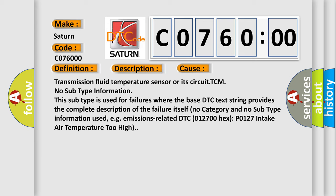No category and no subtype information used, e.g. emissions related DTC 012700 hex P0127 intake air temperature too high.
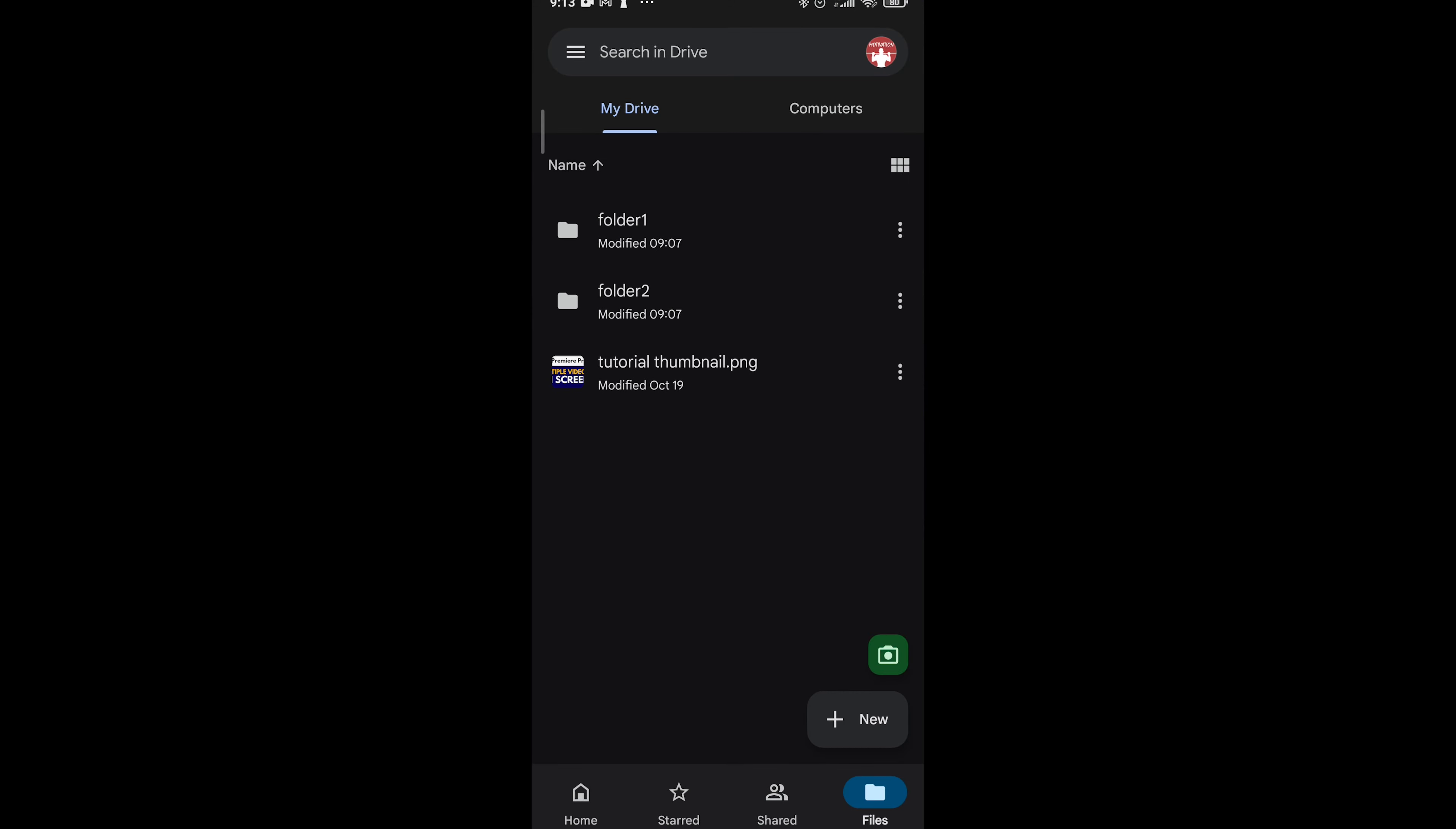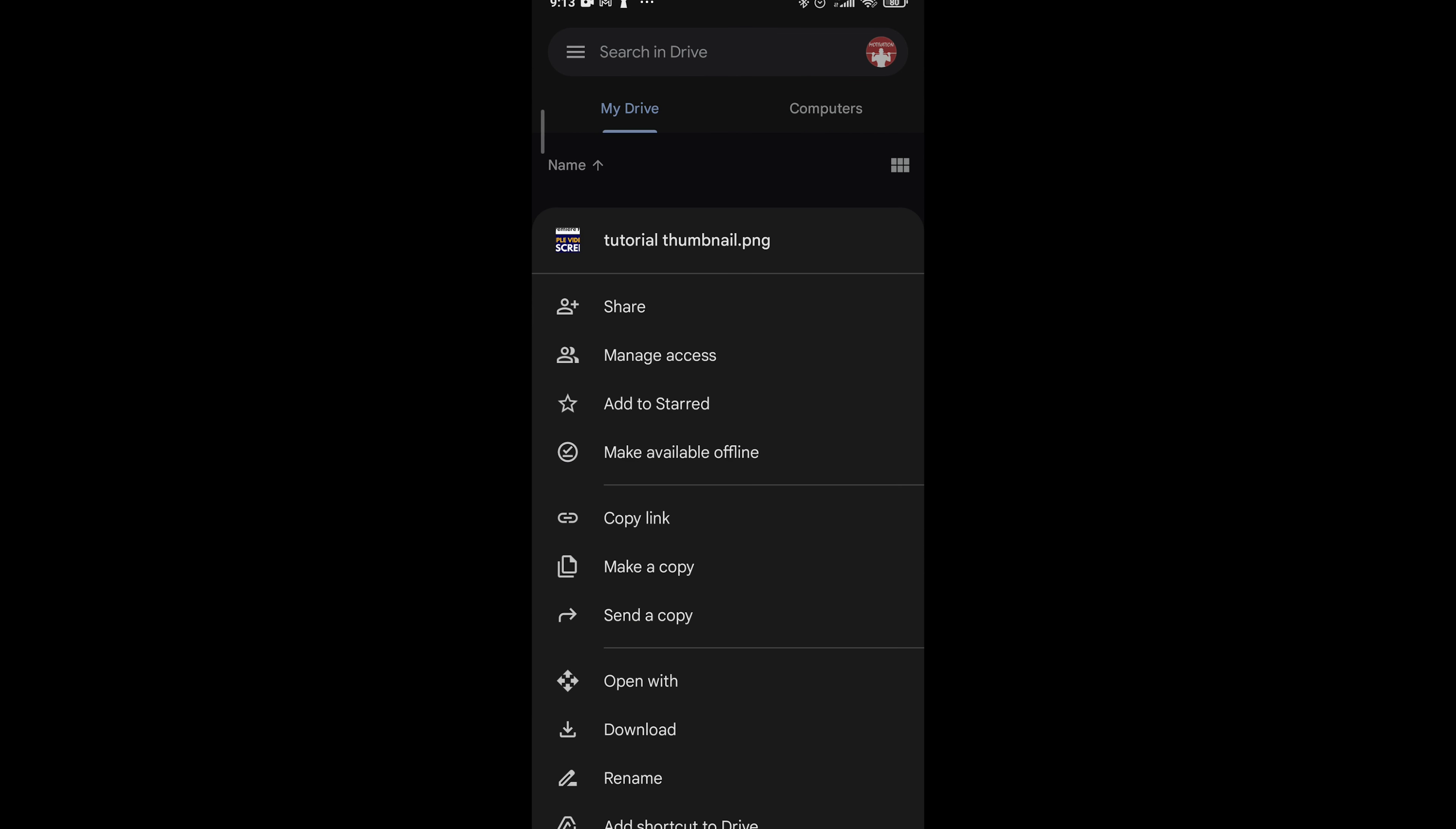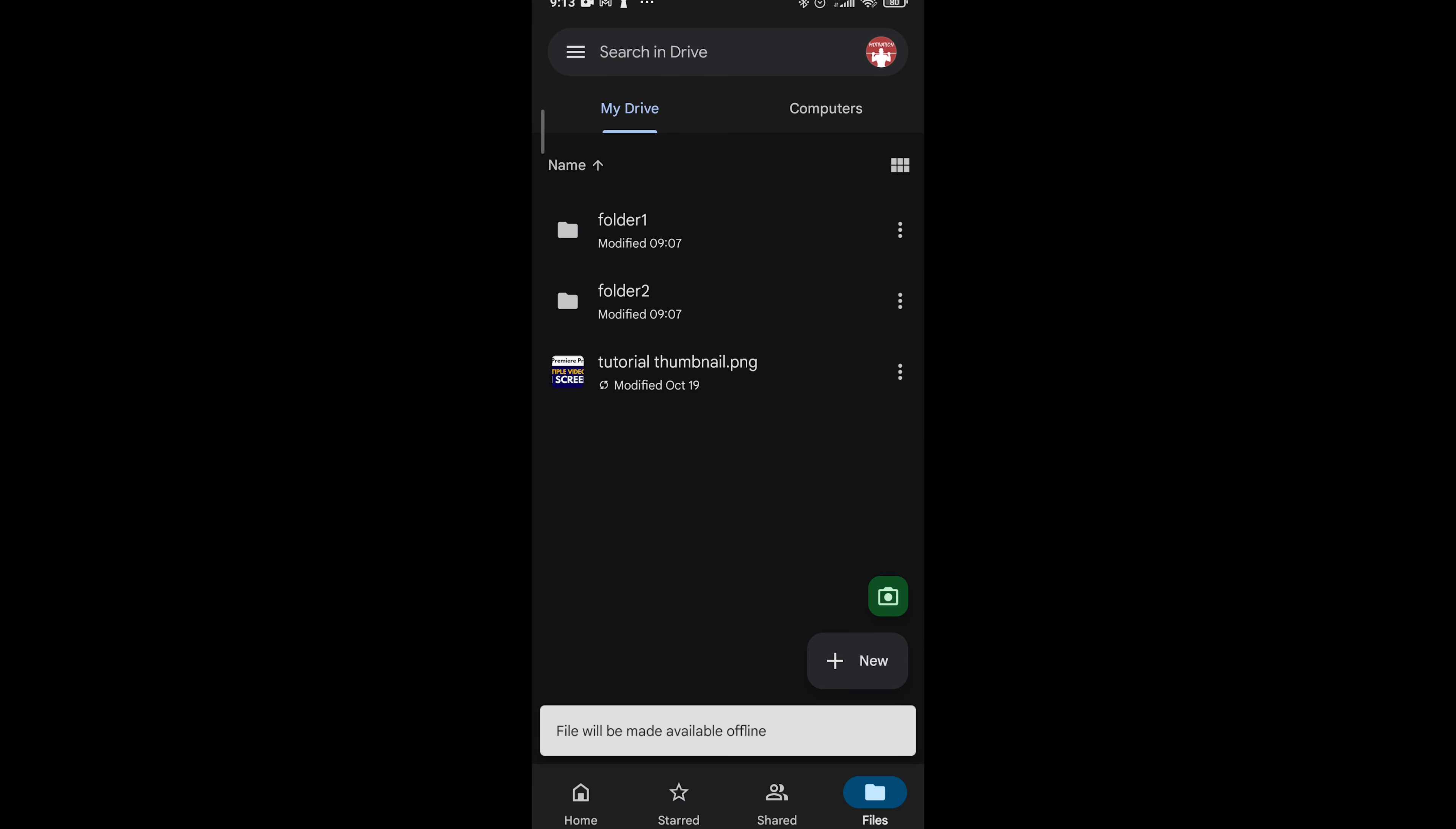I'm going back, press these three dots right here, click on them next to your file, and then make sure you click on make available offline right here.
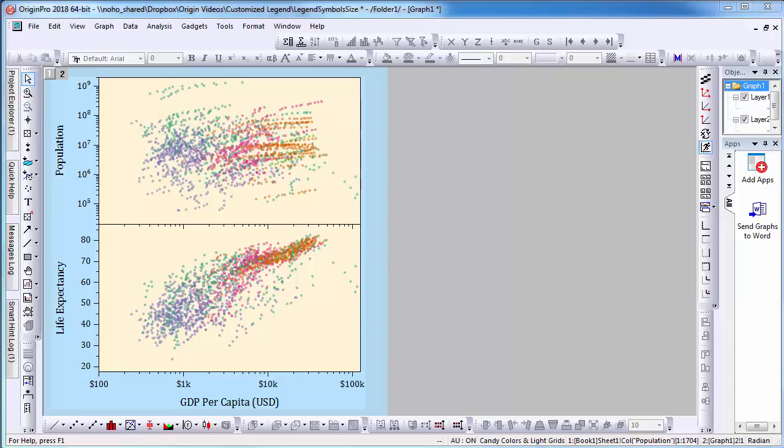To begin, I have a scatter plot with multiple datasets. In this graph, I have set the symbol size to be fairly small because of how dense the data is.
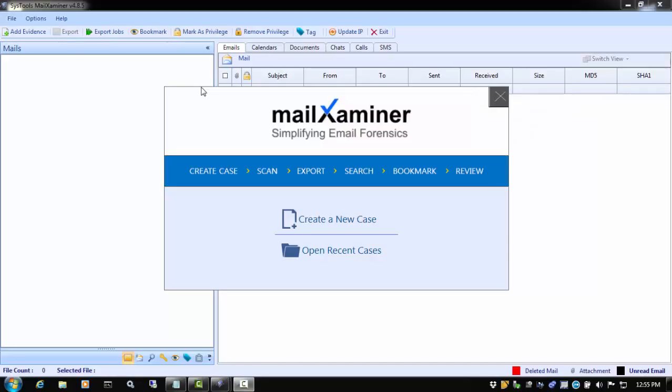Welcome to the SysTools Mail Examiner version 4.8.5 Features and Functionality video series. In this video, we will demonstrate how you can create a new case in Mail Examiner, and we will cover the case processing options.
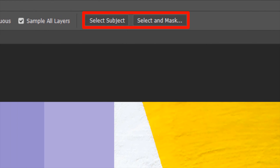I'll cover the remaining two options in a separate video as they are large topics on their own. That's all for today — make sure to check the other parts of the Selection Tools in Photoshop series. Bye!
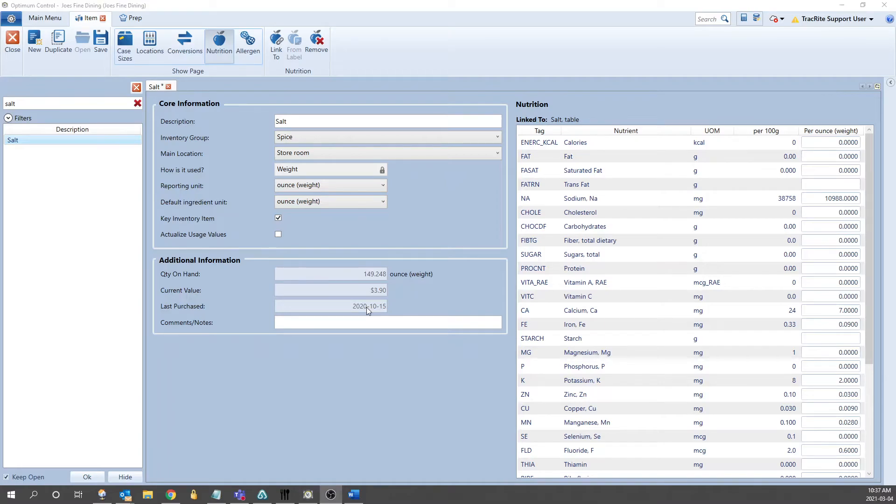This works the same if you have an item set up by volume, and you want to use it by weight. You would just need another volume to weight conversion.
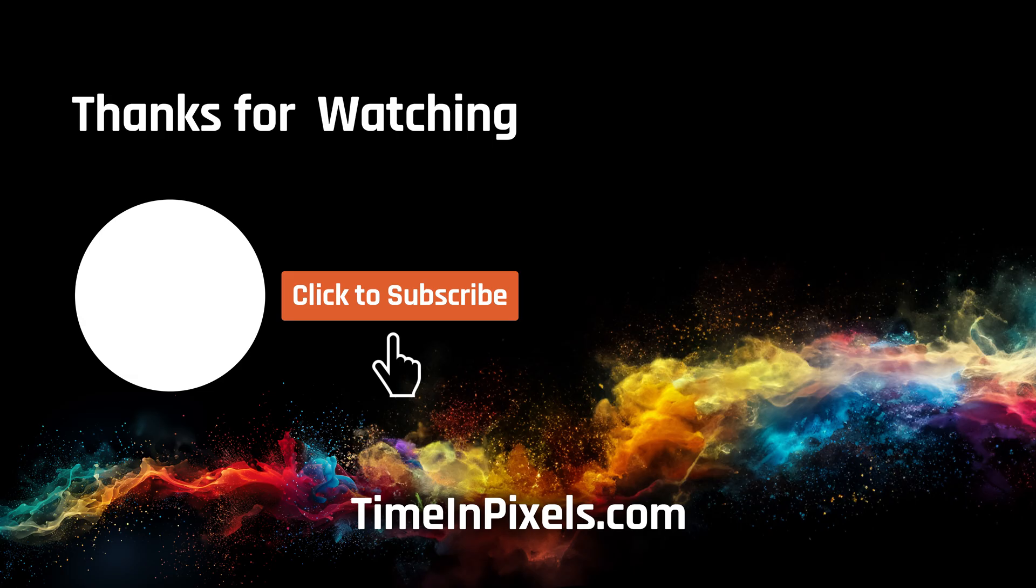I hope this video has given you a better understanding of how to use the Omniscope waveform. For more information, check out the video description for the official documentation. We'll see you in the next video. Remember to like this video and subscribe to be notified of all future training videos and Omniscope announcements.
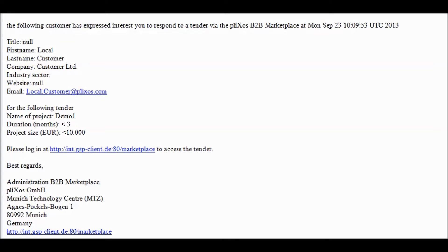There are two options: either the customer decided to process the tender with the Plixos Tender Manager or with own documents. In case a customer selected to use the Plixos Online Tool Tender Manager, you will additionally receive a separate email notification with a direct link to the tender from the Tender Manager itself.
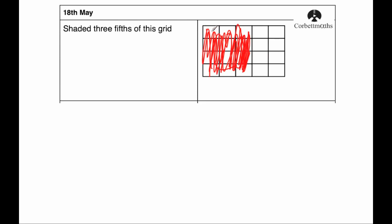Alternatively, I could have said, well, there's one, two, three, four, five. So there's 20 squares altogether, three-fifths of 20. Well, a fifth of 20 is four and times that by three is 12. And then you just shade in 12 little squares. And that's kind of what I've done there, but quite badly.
- - -
TASK INSTRUCTIONS
Output nothing but the entries above, exactly, once the pictures are removed.

YOUR RESPONSE
No category and no subtype information used, e.g. emissions related DTC 012700 hex P0127 intake air temperature too high.
I'm going back, press these three dots right here, click on them next to your file, and then make sure you click on make available offline right here.
To begin, I have a scatter plot with multiple datasets. In this graph, I have set the symbol size to be fairly small because of how dense the data is.
Welcome to the SysTools Mail Examiner version 4.8.5 Features and Functionality video series. In this video, we will demonstrate how you can create a new case in Mail Examiner, and we will cover the case processing options.
I'll cover the remaining two options in a separate video as they are large topics on their own. That's all for today — make sure to check the other parts of the Selection Tools in Photoshop series. Bye!
This works the same if you have an item set up by volume, and you want to use it by weight. You would just need another volume to weight conversion.
I hope this video has given you a better understanding of how to use the Omniscope waveform. For more information, check out the video description for the official documentation. We'll see you in the next video. Remember to like this video and subscribe to be notified of all future training videos and Omniscope announcements.
There are two options: either the customer decided to process the tender with the Plixos Tender Manager or with own documents. In case a customer selected to use the Plixos Online Tool Tender Manager, you will additionally receive a separate email notification with a direct link to the tender from the Tender Manager itself.
Alternatively, I could have said, well, there's one, two, three, four, five. So there's 20 squares altogether, three-fifths of 20. Well, a fifth of 20 is four and times that by three is 12. And then you just shade in 12 little squares. And that's kind of what I've done there, but quite badly.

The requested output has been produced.